I spent the Labor Day weekend learning how to add text and 2D video into an immersive video scene. I’m doing this because I have this vision for a film/app for the Apple Vision Pro and I thought I could 1. prototype a large part of this experience in video and 2. I could also make immersive videos like this and learn how to tell stories in this medium. 

So to begin with, I came up with the requirements for my project.

  • I had to use existing video. I wasn’t going to waste time shooting new things or trying to have this video mean anything or stand on it’s own. I’m just working on learning the technical part.
  • I want to include text in the 3D space.
  • I want to include 2D video in the 3D space.

There’s more I want to learn — immersive audio & 3D video in the 3D space — but I’ll save that for another time. Knowing how to add text and 2D video is most of what I need and it allows me to work on storytelling in parallel with the other technical skills. 

Process

Most of what I learned comes from Hugh Hou’s tutorial. The rest comes from lots of trial and error. Davinci Resolve’s Fusion is very finicky. I found that I had to turn off auto resolution on my Render3D node first or the app would become unresponsive. I also found that sometimes the output simply wouldn’t work as expected and to fix it I’d have to disconnect nodes and then reconnect them again (kind of like turning things off and back on).

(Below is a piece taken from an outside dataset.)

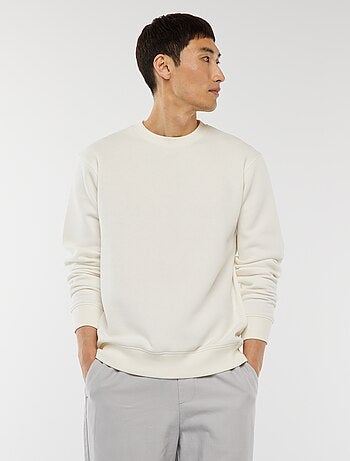 Sweatshirt liso em moletom com gola redonda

Lastly, the audio and video on the 2D video is way out of sync. I couldn’t find a way to pass through the audio from the video clip in Fusion. Instead I added it directly to the timeline on the Edit page. The result is that the video ends about 7 seconds before the audio. I don’t know why – I’ll have to investigate.

Below are my notes on the settings of individual nodes.

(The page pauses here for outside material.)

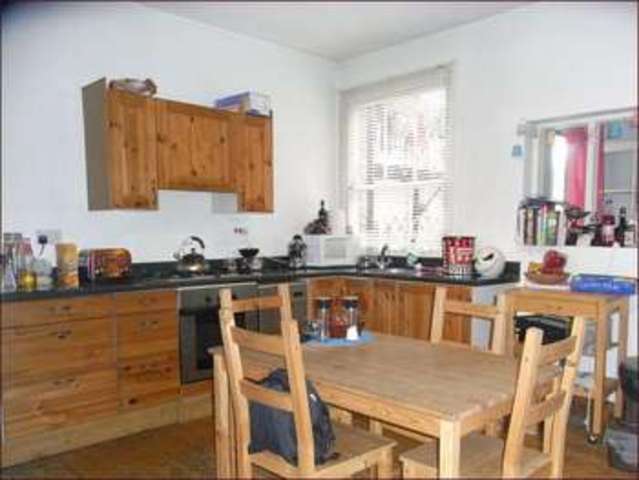  Image of 1 Bedroom Property  For Sale at Welbeck Road  EAST BARNET, EN4 8RY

To create text in the 3D space add:

  • Text3D – you can use this to create flat 2D text or 3D text. Setting the V Anchor to the middle will put your text at eye/camera level.
  • Ambient Light – this is good if you want flat 2D text. If you want 3D text, add some extrusion and a Spotlight so you get shadows.
  • Spherical Camera – this matches your physical camera. I set the eye separation to .06 because the lenses on the Canon dual fisheye lens are 60mm apart. The converge distance is 250 (basically really far away)
  • Merge3D – the text, lights, and camera are all inputs to this node. If you set it to show on one of the monitors you can see what you are doing when you adjust the position and size of things in the scene.
  • Render3D – before I connect this, I switch to the image tab, uncheck auto-resolution, and set the resolution to 4096×4096 (or whatever the single-eye resolution of your video is). Then I connect the Merge3D node to it and set the camera to the Spherical Camera and set Eye to Stack (side-by-side) is the default.

Then you have to do this split, crop, and combine nonsense. Hugh Hou explains this in the tutorial — it seems to be a bug in Fusion. Basically, the frame size of the Render3D node is enormous for some reason and we have to crop out all the extra empty space.

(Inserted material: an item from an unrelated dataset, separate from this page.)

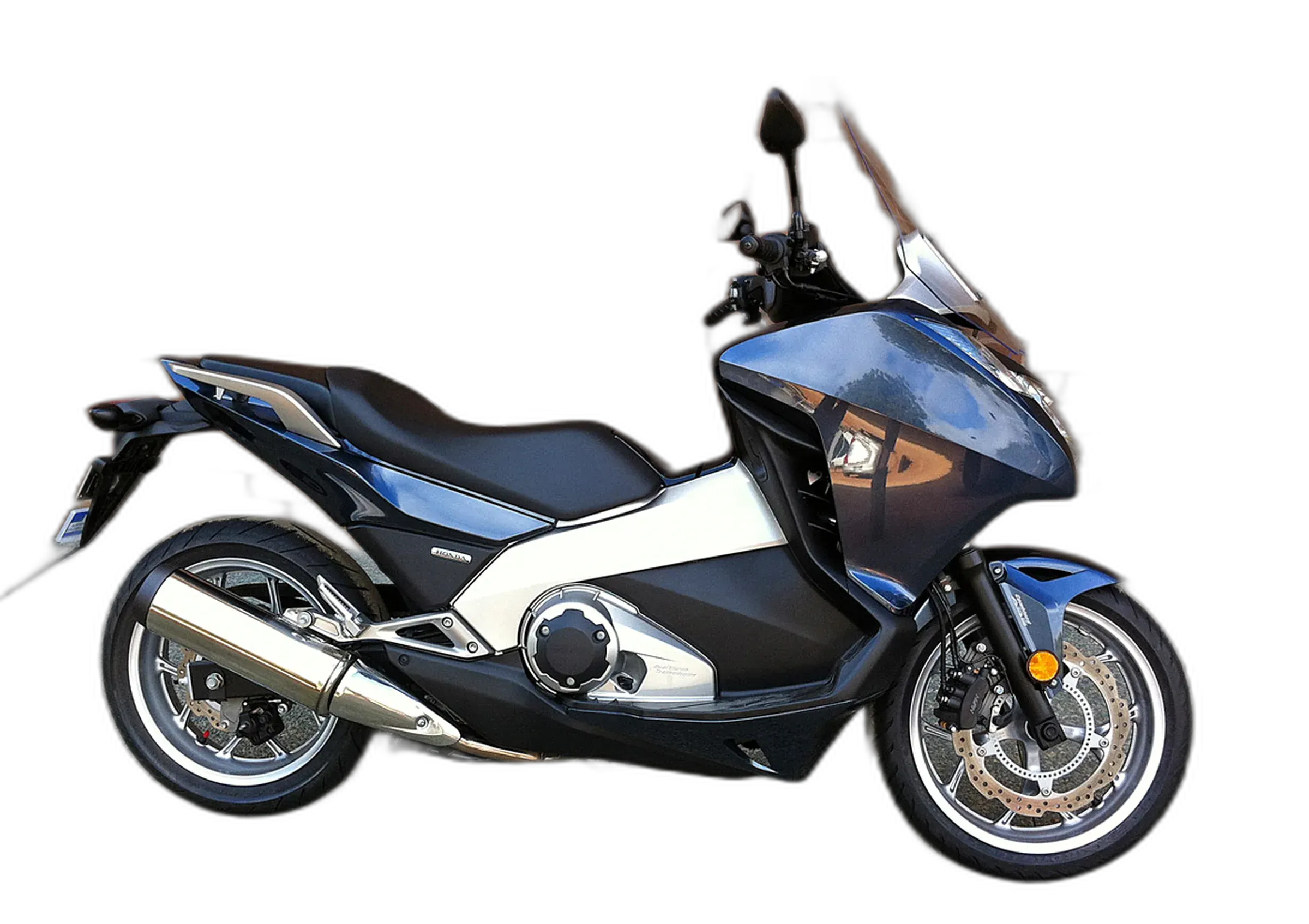 Honda Integra (NC700D) — Scooter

  • Splitter – set to horizontal split
  • Crop – set the X Offset to half your frame size – 2048 in my case. Set the X and Y size to 4096.
  • Crop – create a second Crop node for the other eye. Use the same settings. How Fusion knows to put the left side into one crop node and the right side into the other is a mystery to me.
  • Combiner – set to Horizontal

That whole node structure gets sent to a regular Merge node between your MediaIn and MediaOut (your video timeline). Hopefully, at this point you can see your text over your video. If you can’t, double-check all the settings. If you still can’t, disconnect things and reconnect them. I had to do this.

To add a 2D video in the 3D space:

  • Drag your clip to the Fusion page and it will make a MediaIn node for it.
  • ImagePlane3D – connect your video to this
  • Spherical Camera – add this – same settings as before
  • Merge3D – connect these to a Merge3D node and then it’s the same process from here out.

Notice in the screenshot and in my notes there is an Anaglyph node before the final MediaOut. Set this to Horizontal to preview the 3D effect with a pair of Red/Blue 3D glasses. This will help you place things in the frame and avoid stereo conflicts (with the light pole in my case). Don’t forget to turn this node off before you render your output.

The missing piece here is being able to preview all of this in a headset. I believe if you have a PC and a Meta Quest headset you can. From Apple’s WWDC event in June it sounds like this is coming to Mac and Apple Vision Pro later this year. Without being able to preview in the headset, I had to render a few fames and download them on the Vision Pro so I could check how it all looked. I did this 4 times to get it right. Hopefully I’ll get better with experience.

When you’re shooting with the Canon R5C there is a guide that shows what is essentially your “frame.” This area is really all you have to place text or video so that it can be seen without moving your head in the headset.